Fachbereichsleiter Lutz Murmann begrüßte die Gäste herzlich und begleitete sie durch den Tag. Beim gemeinsamen Mittagessen mit Stephan Schrod, der schon seit 2022 mit Familie Fass in Kontakt stand, wurden Erinnerungen geteilt – und Geschichte greifbar. Die Großmutter von Stephan Schrod, Elisabeth Schrod, kannte die Familie Strauss noch persönlich und hatte vor Ihrem Tod 2024 in persönlichen Gesprächen insbesondere von den Ereignissen in der Reichspogromnacht berichtet. Stephan Schrod konnte auch berichten, dass es Briefe von Ende des 19. Jahrhunderts gibt, die einen Kontakt zwischen seiner und der Familie von Regina Lewald-Fass belegen.

Regina Lewald-Fass erzählte, wie ihre Mutter gemeinsam mit ihr die jüdischen Wurzeln der Familie wiederentdeckt hatte. Heute leitet sie eine jüdische Schule in New York mit über 300 Kindern. Ihr Mann Jonathan ist Senior Managing Director beim Jewish Education Project. Der jüdische Glaube, einst verloren, ist in der Familie heute wieder lebendig.
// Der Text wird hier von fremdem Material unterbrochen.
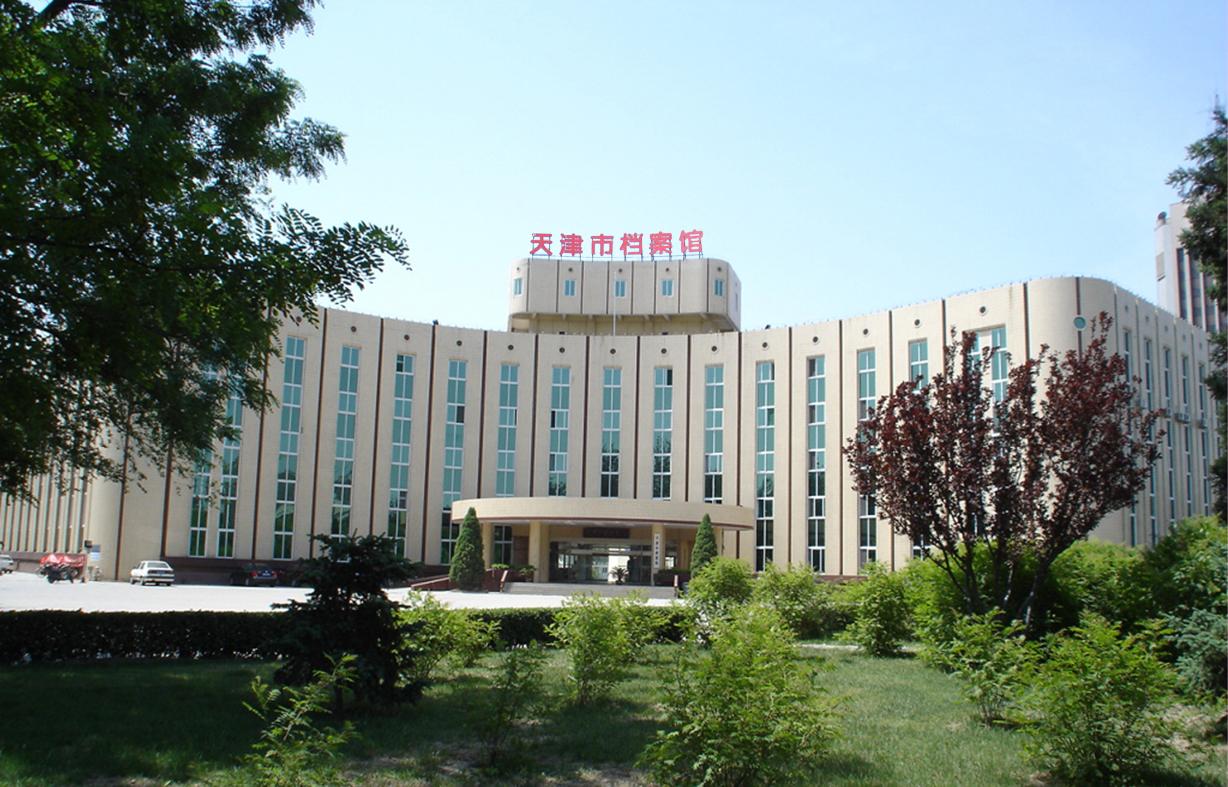 天津市科技档案馆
Beim anschließenden Rundgang durch Eppertshausen wurden nicht nur Stationen der jüdischen Geschichte besucht, sondern auch die Valentinuskapelle aus dem 15.Jahrhundert und die katholische Pfarrkirche St. Sebastian. Der Ort der ehemaligen Synagoge und das alte Wohnhaus der Familie Strauss in der Hauptstraße 8  waren die emotionalen Höhepunkte des Tages.

Die Hoffnung, dass Erinnerung lebendig bleibt

„Es war so unwirklich, vor dem Haus meines Ur-Ur-Onkels zu stehen“, sagte Regina Lewald-Fass später. „Zu wissen, dass er genau hier lebte – und von hier aus in den Tod geschickt wurde. Es ist traurig, schmerzhaft, aber ich fühle auch Dankbarkeit und Hoffnung.“

Am Bernhard-Moses-Weg, wo heute die Gedenkstätte für die jüdischen Bürgerinnen und Bürger Eppertshausens steht, endete der Besuch. Die Familie war tief bewegt vom Engagement der Gemeinde und dem jährlichen Gedenken an die Shoah in Zusammenarbeit mit den beiden Kirchengemeinden.

„Es wäre so leicht, das alles zu vergessen“, sagte Regina Lewald-Strauss. „Aber was Sie hier tun, gibt uns Hoffnung, dass Erinnerung lebendig bleibt.“

Für alle Beteiligten war es ein bewegender Nachmittag – und ein Brückenschlag zwischen Vergangenheit und Gegenwart. Zwischen Verlorenem und Wiedergefundenem. Zwischen Trauer – und der Hoffnung, dass Geschichte nicht vergessen, sondern verstanden wird.